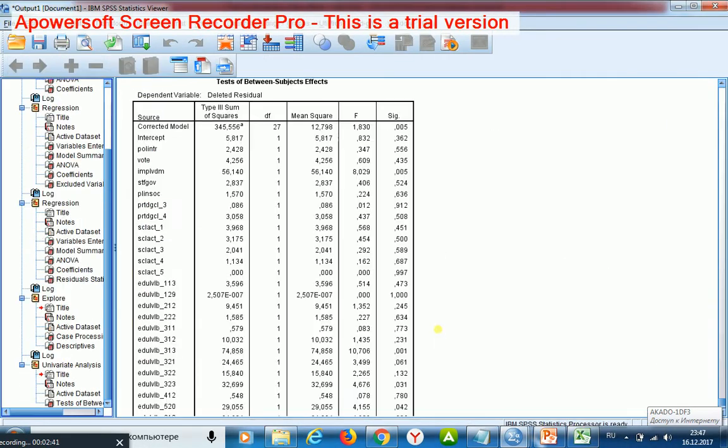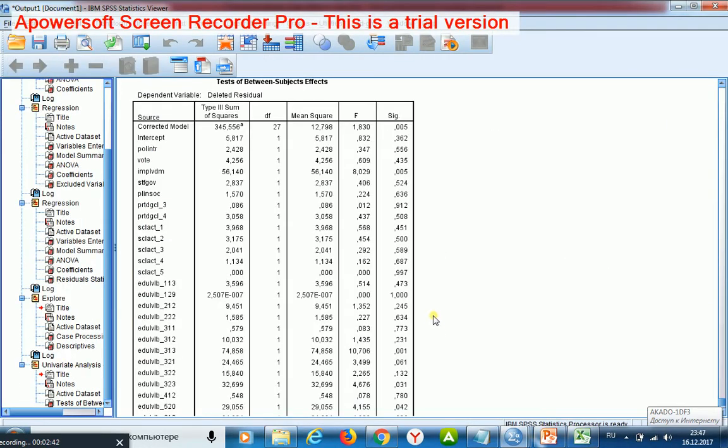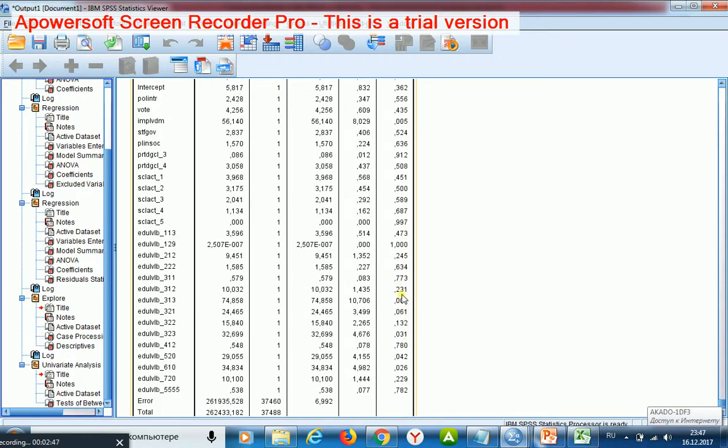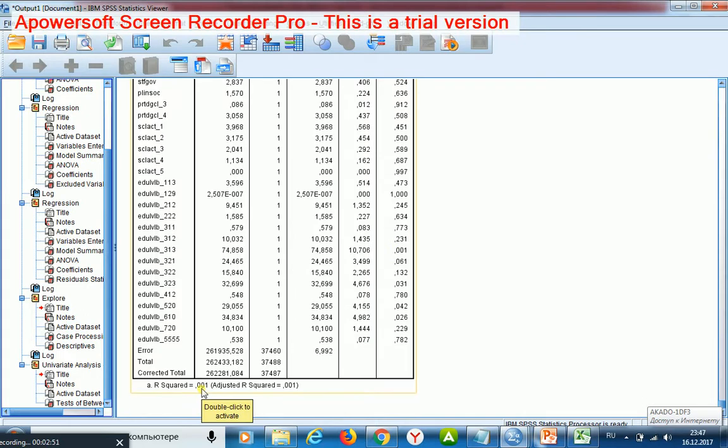I see that although some regressors exert influence on residuals, their accumulative influence is very small.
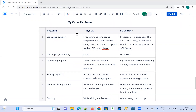Hi guys, welcome to the Urbi Academy. Today's topic is the difference between MySQL and SQL Server. Let us see one by one what is the difference, how we can use it, and how we can check the addition on the detail one by one.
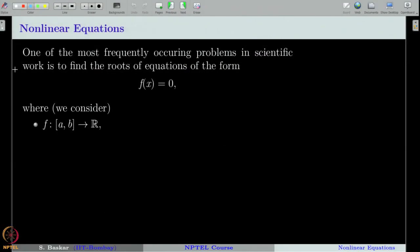In this lecture we will start a new chapter on nonlinear equations. We will today discuss a very basic and very interesting method called bisection method. Before going into the method, let us define our problem and then we will see some important overviews of the methods that we are going to discuss in this chapter.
##########
[About this exercise] Exactly as they appear, transcribe the lines from the top of the material above through the line with "Hi guys, welcome". Omit any picture.

[Expected output]
I see that although some regressors exert influence on residuals, their accumulative influence is very small.
Hi guys, welcome to the Urbi Academy. Today's topic is the difference between MySQL and SQL Server. Let us see one by one what is the difference, how we can use it, and how we can check the addition on the detail one by one.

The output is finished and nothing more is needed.